The article (and the book titled ‘Moonwalking with Einstein’ by the same author) is more about the biographical journey of how Joshua Foer gets to build mnemonic skills to remember virtually anything and in that process earned the obscure title – United States Memory Champion. The secret is surprisingly simple and practical – use our in-built capacity for spatial memory, use a tad bit of wild imagination, which is also something we are all born with. You may question if everyone is born with ability to imagine wild stuff and be creative but I believe every single one of us is. Whether we exercise it or not is questionable. (Side bar: Creativity vs. Imagination – same or different?)

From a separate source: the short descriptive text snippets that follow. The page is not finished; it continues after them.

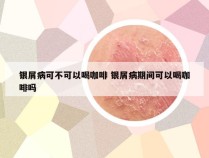 银屑病可不可以喝咖啡 银屑病期间可以喝咖啡吗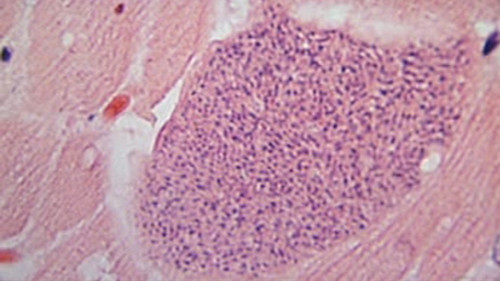 Toxoplazma gondii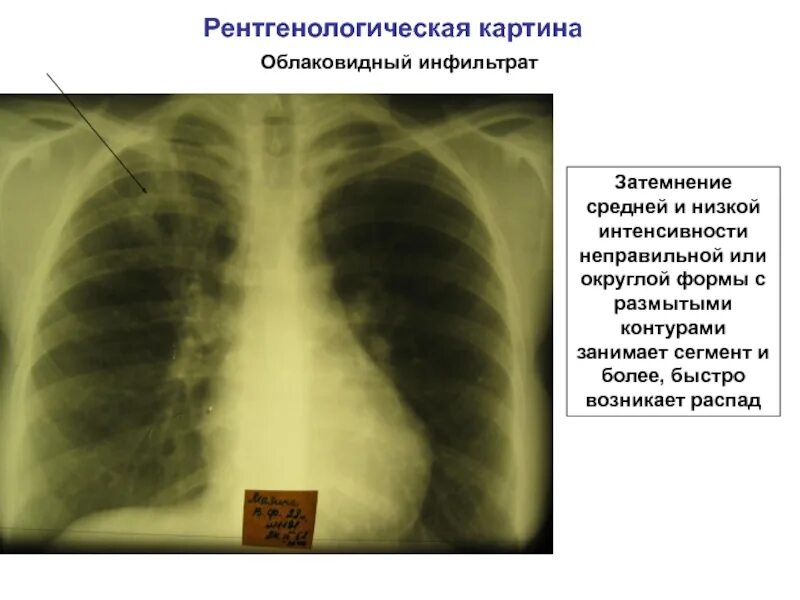 Округлое затемнение. Инфильтрат на рентгене легких. Облаковидный инфильтрат рентгенограмма. Облаковидный инфильтративный туберкулез. Туберкулез легкого затемнение.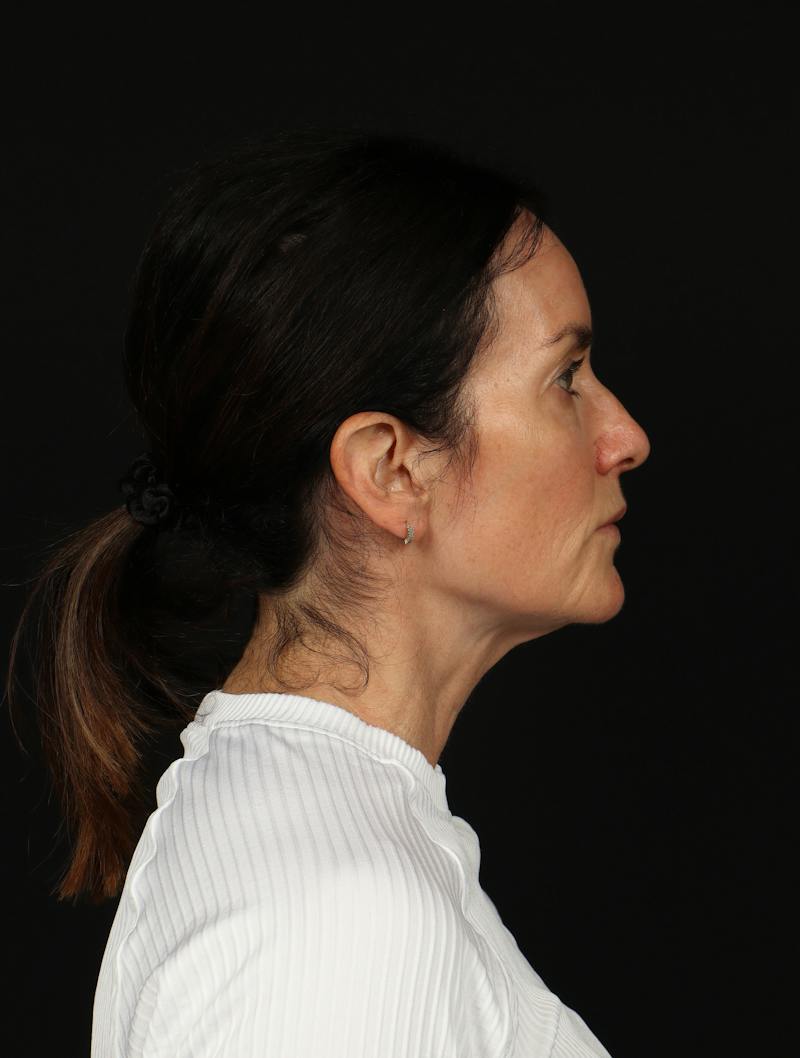 Facelift Before & After Gallery - Patient 288622 - Image 9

I tried to experiment myself with this idea and come to believe it actually works and can be useful too! Though the scale and scope of what I tried is fairly small, it is very beneficial for my day to day life. Here is how it goes. My wife and I are having our morning coffee, talking about some mundane things. In the middle of the conversation, she asks “When you come back down after your shower, can you bring the laundry basket down?”. I say yes and we continue talking about many other things. Fifteen minutes later I depart to perform my usual weekday morning rituals. Three hours later, I am in the middle of a serious discussion at work, I get a text message, “You never got the laundry basket down!!!”. I grind my teeth silently cringing, “Damn! I forgot again!”.

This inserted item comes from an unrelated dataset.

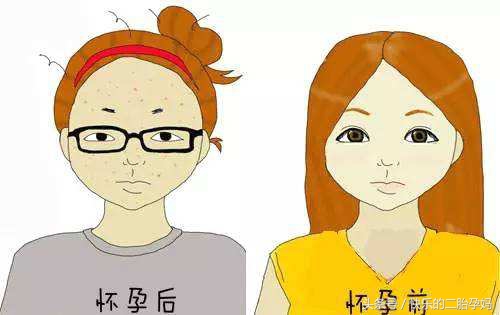 宝妈怀孕期间有这三种表现,孕妇有这些症状多半要生了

Could the mnemonic principles that brought Joshua Foer to limelight come to my rescue? principles he used to win the national memory championship? and a million dollar book contract to go with it?

I had to try.

The first and perhaps the most important thing to do is to pause as soon as my wife asked that question. If I just nod and we just keep talking then I don’t get to “register” this fact into my “spatial memory”. No mnemonic magic would ever save me. So what I do is take a few seconds pause, right at that moment when I say yes to my wife’s request. I construct a vivid imaginary visual clue. Here is what I say to myself in my mind –“As soon as I open the bathroom door, my father jumps over my head, wearing a spiderman suite. He was yelling that he doesn’t have any clothes to wear and could only find Rishi’s Halloween costume! I bend over my back to thank him for not jumping naked and ask him where all his clothes went. He zooms his arm out like a spiderman, and shoots a spider web pointing at the laundry basket…It’s overflowing and smells vomit…”

Angry dad in spiderman costume scene - Courtesy www.knowyourmeme.com via Google Images

I know! How silly and yucky right? While I am glad I didn’t tell my wife what I was thinking, it really is the point. The imagination & association must be bizarre and far outrageous from anything ordinary and usual.

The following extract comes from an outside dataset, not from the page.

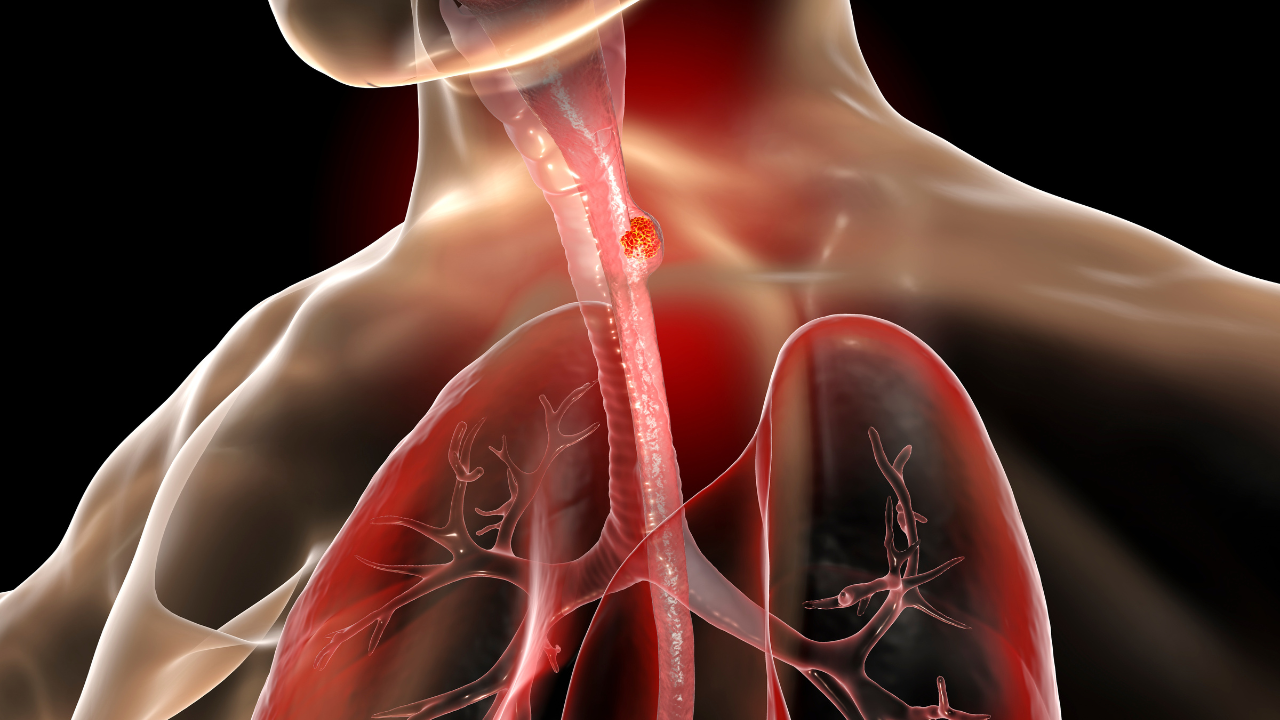 FDA Approves Tevimbra, BeiGene’s Treatment for Adults with Unresectable or Metastatic Esophageal Squamous Carcinoma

It really only takes about 20 seconds to build and hear that story in my own mind. As soon as I register this story, my wife and I move on with our chit chat. Twenty minutes later, I walk into the bedroom and as soon as I get the first sight of the bathroom door, I recall the crazy story for just a second, but I don’t really replay the story at all. I just immediately realize that I need to take the laundry basket down. I move it out to obvious place in the room when it will be in my line of sight to take it down after I return from show. That’s it. Bingo! I remembered something I would normally forget. Neat.

An important factor is to associate the angry-dad-in-spiderman-costume scene to a trigger event or object that I will encounter in the future moment when I need to recall the thing I memorize. In this case, the trigger is opening the bathroom door. Of course, there is a chance that right at the moment of walking into the bedroom, I could have been seriously pre-occupied with some other thoughts – such as when I should get my next hair cut or how I sucked with my backhand in last night’s match or how long since I have had a beer or some such important thing. Nevertheless, the mnemonic exercise simply increased the chances of me recalling that funky story and thus helped remember what I needed to do. So it’s worth that 20 second investment to exercise my imagination and creativity!

What I tried is rudimentary in comparison to memory games they play in World Memory Championships. I honestly don’t understand how this basic technique can help remember the exact sequence of a decks of cards within a minute.

If you read the article, you will notice they refer to “memory palace” as the familiar spatial object (your house or street or favorite museum or any familiar physical structure) around which they build the crazy imaginary stories embedded with whatever they want to remember – playing cards or stranger’s names or random binary numbers etc. Do they use the same structure every time? If so, doesn’t it confuse the imaginary stories, mixing up the things you want to remember? How to “clean” the loaded memory of stupid stories? (They say they can!). How do they associate a “Queen of Clubs” to a particular incident and location in the made-up story? I would have created an association with a donkey queen and a soccer club within the story. They seem to simply recall the card as they pass through certain object or event. I just don’t get it. I really have to read more on this fascinating subject.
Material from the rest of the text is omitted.